Contrary to popular opinion, I do not believe that parents are raising bullies at home any more than they are raising victims. I can again make the comparison with dogs – the reserved, well-behaved canine at home suddenly has a completely different personality at the dog-park, much to the surprise of the dogwalker, simply because it is in a different social environment. Humans are capable of similar dispositional shifts depending on the social environment, how ingrained their self-control and what behaviour they believe they will “get away with”; the hockey riots would be enough said to substantiate this claim – not one of those riot participants behaves like that at home, I am sure.
Bullying appears to be an adaptive behaviour that a child learns to use to his or her advantage when he or she enters a different social environment; to be blunt, the majority of kids are learning how to “get away with” bullying when they first start school. To be fair, I am not saying that they learn the behaviour in Kindergarten but I am saying that they learn that is acceptable by default in that it is not squelched at the outset. I do not know if the elementary school teachers simply cannot recognize these behaviours as bullying in its infancy or if they choose to look the other way in the hopes that the issue will resolve itself, but either way the child learns that the bullying behaviour is acceptable because it has not been clearly addressed to the child as unacceptable. Fast forward the situation from Grade One to Grade Ten and the problem grows exponentially. Teachers encourage the student victims to “stand up to the bully” when the teachers themselves fail to do so and thus I would suggest that the next time one of these teachers is threatened, assaulted or intimidated by another adult that they do not call the police and file a report but rather “stand up” to their assailant themselves.

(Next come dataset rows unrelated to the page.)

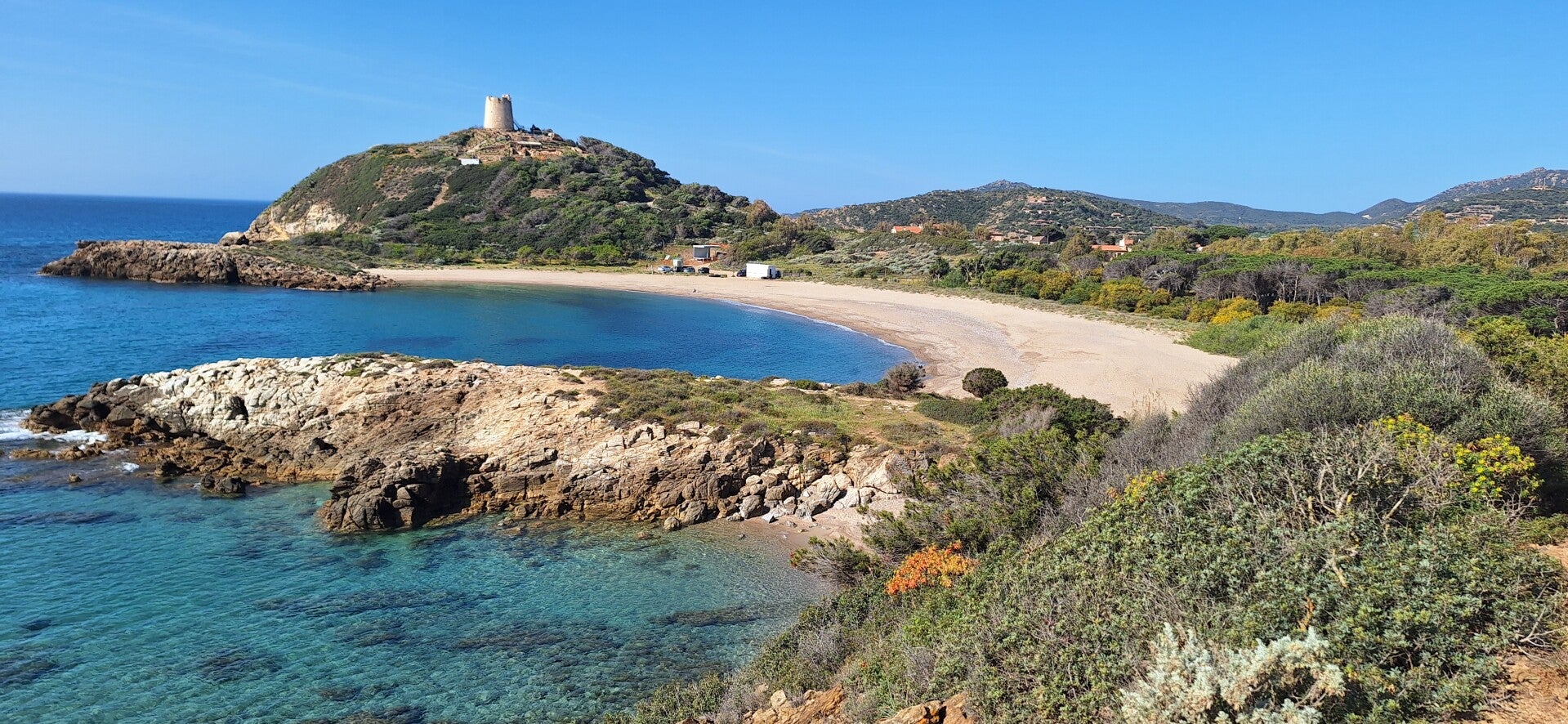 Torre chia e la strada romana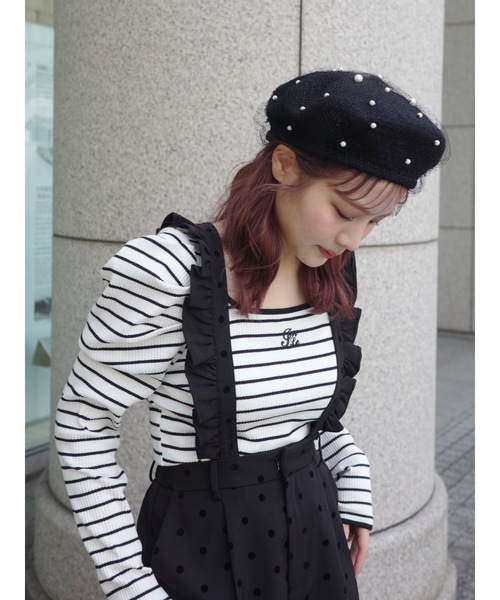 jumelle tシャツ piping border rib top レディース : ZOZOTOWN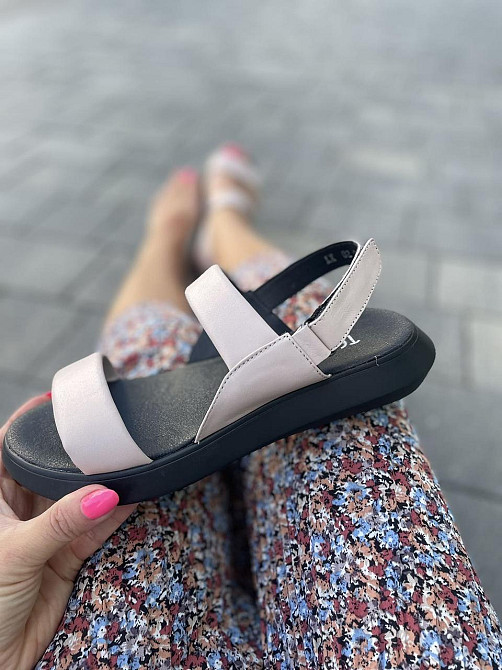 teona Босоніжки жіночі TEONA 290 пудра (літо, шкіра натуральна) (5246) Коломия - фото 4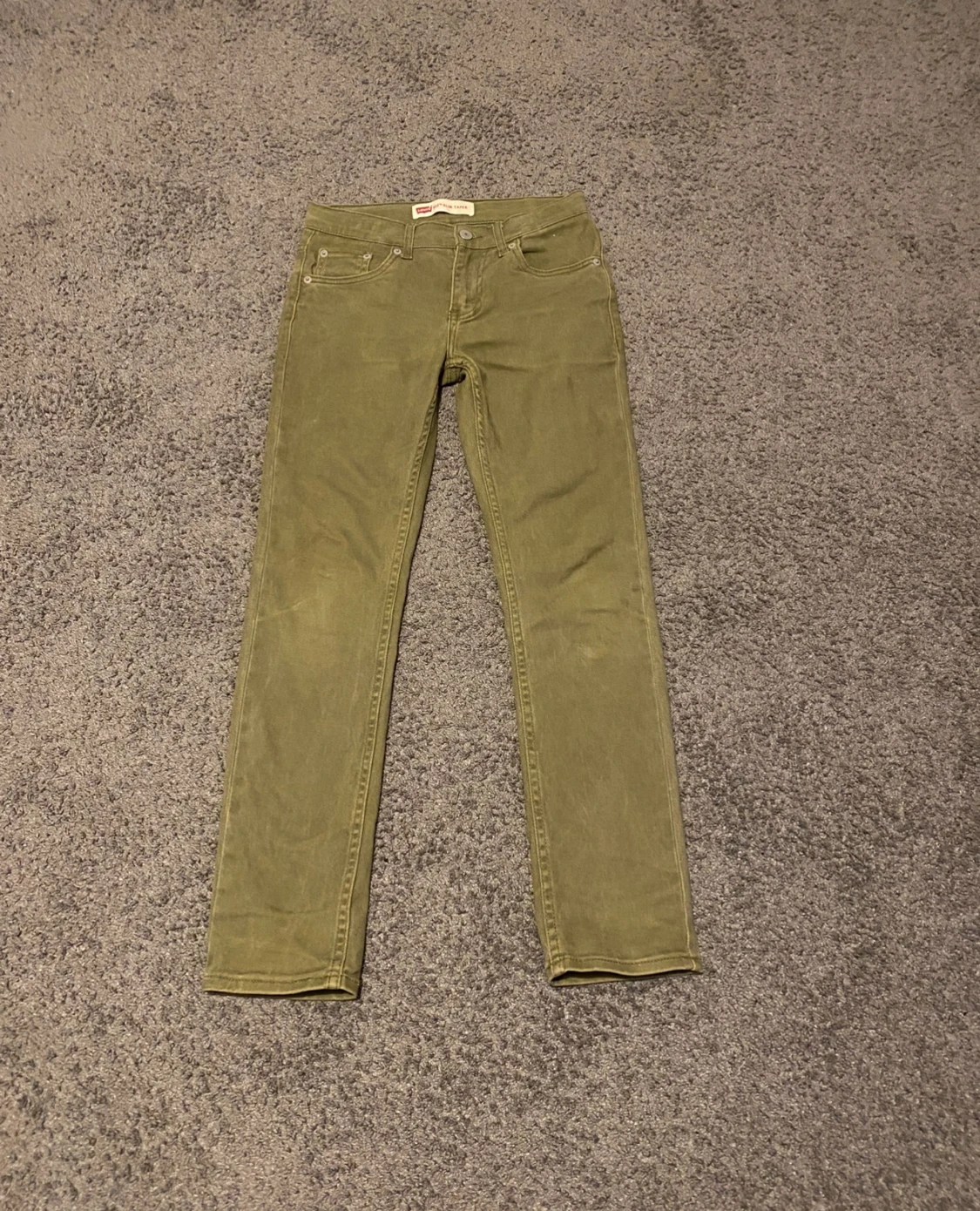 Levi's 512 Slim Taper olivgröna jeans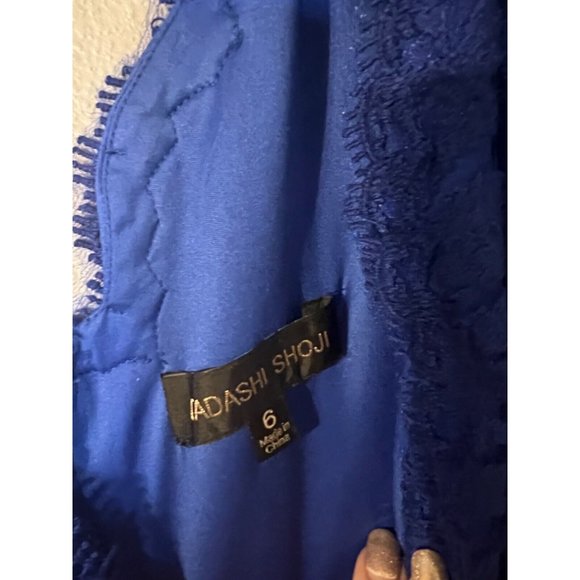 Tadashi Dress Cobalt Blue 6 Stretch Sheath Wedding Party  Cruise Event Barbie - Picture 9 of 13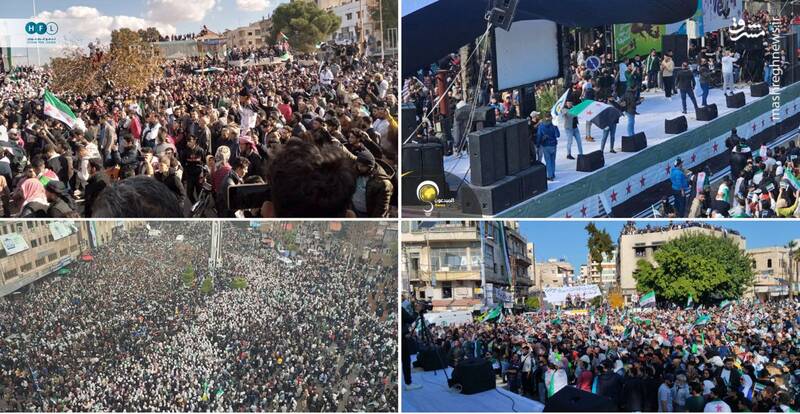 یک سال پس از سقوط دولت بشار اسد؛ سوریه در خطر تجزیه / تلاش اسرائیل برای اشغال رسمی جنوب سوریه و اتصال به شرق فرات +تصاویر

It would be too easy to point a finger at teachers and blame them when realistically laying blame is a blatant attempt at shirking one’s own responsibility; instead, I would argue that we, as a society, have to actually address the issue with some concerted effort lest Amanda’s death –like her predecessor Dawn-Marie – be in vain. If it means that we have to staff the Kindergarten classrooms with behaviourists or police officers or Cesar Milan then so be it, but if the adage of “an ounce of prevention is worth a pound of cure” holds true, then preventing a child from learning that they can bully others is surely easier than trying to deal with the behaviour once it is ingrained. An aggressive dog is disciplined and immediately removed from the company of other canines by the responsible handler at the first indication of trouble and preferably before an injury occurs. Conversely, an aggressive child is scolded with a few sharp words and the rolling of eyes after another child is injured. I highly doubt that this latter style of reprimand would be well-received at the dog park nor would it be viewed as responsible dog ownership, so why is it acceptable adult methodology for addressing bullying in the classroom? For any teacher that balks at the idea of giving up control of their classroom to a supervisor I would counter that the teachers never do have control of the class – the bullies do, which is confirmed every time a bully is reprimanded with a few sharp words and the rolling of eyes.

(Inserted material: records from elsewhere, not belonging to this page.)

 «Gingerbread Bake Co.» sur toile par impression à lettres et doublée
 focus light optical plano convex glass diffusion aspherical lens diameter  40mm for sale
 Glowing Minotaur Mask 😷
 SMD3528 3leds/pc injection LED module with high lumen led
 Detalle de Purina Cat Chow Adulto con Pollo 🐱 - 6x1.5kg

Wednesday, February 27th is Anti-Bullying Day in BC and I would suggest that we do more than just wear a pink t-shirt and talk about bullying amongst ourselves. It is high time that we, as a society, come to terms with the magnitude of the situation and actually do something about it – we owe that much to Amanda and Dawn-Marie and the countless other victims who suffer from the abuse of bullies. Our society does not need more policies or t-shirts or funerals; what we need is to stop the bullying.